RECORDED DATA:

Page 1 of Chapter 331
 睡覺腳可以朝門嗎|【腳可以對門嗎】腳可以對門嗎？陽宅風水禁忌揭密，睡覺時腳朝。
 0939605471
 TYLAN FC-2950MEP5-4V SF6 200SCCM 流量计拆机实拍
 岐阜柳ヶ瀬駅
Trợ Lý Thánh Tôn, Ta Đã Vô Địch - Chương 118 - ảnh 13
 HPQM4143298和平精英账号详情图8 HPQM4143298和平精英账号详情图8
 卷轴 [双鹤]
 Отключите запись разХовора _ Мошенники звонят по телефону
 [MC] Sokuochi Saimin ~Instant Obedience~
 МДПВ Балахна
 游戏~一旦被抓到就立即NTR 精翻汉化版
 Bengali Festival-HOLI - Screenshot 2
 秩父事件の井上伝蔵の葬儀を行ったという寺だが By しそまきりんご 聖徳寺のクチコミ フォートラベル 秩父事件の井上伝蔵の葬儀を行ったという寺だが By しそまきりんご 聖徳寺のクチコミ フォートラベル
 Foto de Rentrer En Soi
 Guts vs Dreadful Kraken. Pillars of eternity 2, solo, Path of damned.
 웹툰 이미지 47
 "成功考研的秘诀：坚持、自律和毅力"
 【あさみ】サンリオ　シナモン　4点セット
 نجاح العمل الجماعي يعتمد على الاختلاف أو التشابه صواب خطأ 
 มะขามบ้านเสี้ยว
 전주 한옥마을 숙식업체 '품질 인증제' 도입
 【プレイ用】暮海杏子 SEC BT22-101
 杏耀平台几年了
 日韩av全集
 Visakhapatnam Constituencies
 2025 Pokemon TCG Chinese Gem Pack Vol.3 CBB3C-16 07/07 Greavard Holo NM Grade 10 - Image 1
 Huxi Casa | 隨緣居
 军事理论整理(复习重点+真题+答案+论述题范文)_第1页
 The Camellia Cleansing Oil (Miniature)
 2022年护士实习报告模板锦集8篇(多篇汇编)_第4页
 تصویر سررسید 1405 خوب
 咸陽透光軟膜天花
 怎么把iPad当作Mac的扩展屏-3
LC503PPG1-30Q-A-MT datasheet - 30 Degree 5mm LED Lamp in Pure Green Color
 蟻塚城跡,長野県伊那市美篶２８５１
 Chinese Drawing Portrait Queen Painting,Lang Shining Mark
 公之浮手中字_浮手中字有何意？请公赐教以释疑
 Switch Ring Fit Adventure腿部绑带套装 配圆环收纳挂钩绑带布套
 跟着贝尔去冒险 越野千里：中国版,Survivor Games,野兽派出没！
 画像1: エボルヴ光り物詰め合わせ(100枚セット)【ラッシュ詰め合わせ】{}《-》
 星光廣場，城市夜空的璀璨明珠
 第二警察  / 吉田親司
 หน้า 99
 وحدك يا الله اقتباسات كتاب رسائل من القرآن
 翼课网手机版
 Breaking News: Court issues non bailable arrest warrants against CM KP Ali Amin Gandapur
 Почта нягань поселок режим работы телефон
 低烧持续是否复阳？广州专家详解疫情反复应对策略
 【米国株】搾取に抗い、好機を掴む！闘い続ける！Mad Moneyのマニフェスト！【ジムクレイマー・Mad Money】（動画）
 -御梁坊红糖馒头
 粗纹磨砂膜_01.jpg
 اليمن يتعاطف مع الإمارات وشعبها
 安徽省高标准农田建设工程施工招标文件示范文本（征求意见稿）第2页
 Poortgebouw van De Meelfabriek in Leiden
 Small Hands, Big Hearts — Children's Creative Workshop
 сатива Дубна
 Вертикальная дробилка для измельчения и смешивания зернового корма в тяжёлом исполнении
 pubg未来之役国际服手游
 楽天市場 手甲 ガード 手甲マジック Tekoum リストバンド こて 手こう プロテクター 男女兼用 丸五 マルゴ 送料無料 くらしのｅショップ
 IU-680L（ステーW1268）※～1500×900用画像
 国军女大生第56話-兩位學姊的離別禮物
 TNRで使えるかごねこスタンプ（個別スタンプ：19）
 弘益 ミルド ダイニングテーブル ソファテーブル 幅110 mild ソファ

YOUR GOAL: What is needed is an exact repetition of the lines from the first line of the records through the line containing "低烧持续是否复阳？广州专家详解疫情反复应对策略", both ends included, and nothing more.

WRITTEN RESPONSE:
Page 1 of Chapter 331
 睡覺腳可以朝門嗎|【腳可以對門嗎】腳可以對門嗎？陽宅風水禁忌揭密，睡覺時腳朝。
 0939605471
 TYLAN FC-2950MEP5-4V SF6 200SCCM 流量计拆机实拍
 岐阜柳ヶ瀬駅
Trợ Lý Thánh Tôn, Ta Đã Vô Địch - Chương 118 - ảnh 13
 HPQM4143298和平精英账号详情图8 HPQM4143298和平精英账号详情图8
 卷轴 [双鹤]
 Отключите запись разХовора _ Мошенники звонят по телефону
 [MC] Sokuochi Saimin ~Instant Obedience~
 МДПВ Балахна
 游戏~一旦被抓到就立即NTR 精翻汉化版
 Bengali Festival-HOLI - Screenshot 2
 秩父事件の井上伝蔵の葬儀を行ったという寺だが By しそまきりんご 聖徳寺のクチコミ フォートラベル 秩父事件の井上伝蔵の葬儀を行ったという寺だが By しそまきりんご 聖徳寺のクチコミ フォートラベル
 Foto de Rentrer En Soi
 Guts vs Dreadful Kraken. Pillars of eternity 2, solo, Path of damned.
 웹툰 이미지 47
 "成功考研的秘诀：坚持、自律和毅力"
 【あさみ】サンリオ　シナモン　4点セット
 نجاح العمل الجماعي يعتمد على الاختلاف أو التشابه صواب خطأ 
 มะขามบ้านเสี้ยว
 전주 한옥마을 숙식업체 '품질 인증제' 도입
 【プレイ用】暮海杏子 SEC BT22-101
 杏耀平台几年了
 日韩av全集
 Visakhapatnam Constituencies
 2025 Pokemon TCG Chinese Gem Pack Vol.3 CBB3C-16 07/07 Greavard Holo NM Grade 10 - Image 1
 Huxi Casa | 隨緣居
 军事理论整理(复习重点+真题+答案+论述题范文)_第1页
 The Camellia Cleansing Oil (Miniature)
 2022年护士实习报告模板锦集8篇(多篇汇编)_第4页
 تصویر سررسید 1405 خوب
 咸陽透光軟膜天花
 怎么把iPad当作Mac的扩展屏-3
LC503PPG1-30Q-A-MT datasheet - 30 Degree 5mm LED Lamp in Pure Green Color
 蟻塚城跡,長野県伊那市美篶２８５１
 Chinese Drawing Portrait Queen Painting,Lang Shining Mark
 公之浮手中字_浮手中字有何意？请公赐教以释疑
 Switch Ring Fit Adventure腿部绑带套装 配圆环收纳挂钩绑带布套
 跟着贝尔去冒险 越野千里：中国版,Survivor Games,野兽派出没！
 画像1: エボルヴ光り物詰め合わせ(100枚セット)【ラッシュ詰め合わせ】{}《-》
 星光廣場，城市夜空的璀璨明珠
 第二警察  / 吉田親司
 หน้า 99
 وحدك يا الله اقتباسات كتاب رسائل من القرآن
 翼课网手机版
 Breaking News: Court issues non bailable arrest warrants against CM KP Ali Amin Gandapur
 Почта нягань поселок режим работы телефон
 低烧持续是否复阳？广州专家详解疫情反复应对策略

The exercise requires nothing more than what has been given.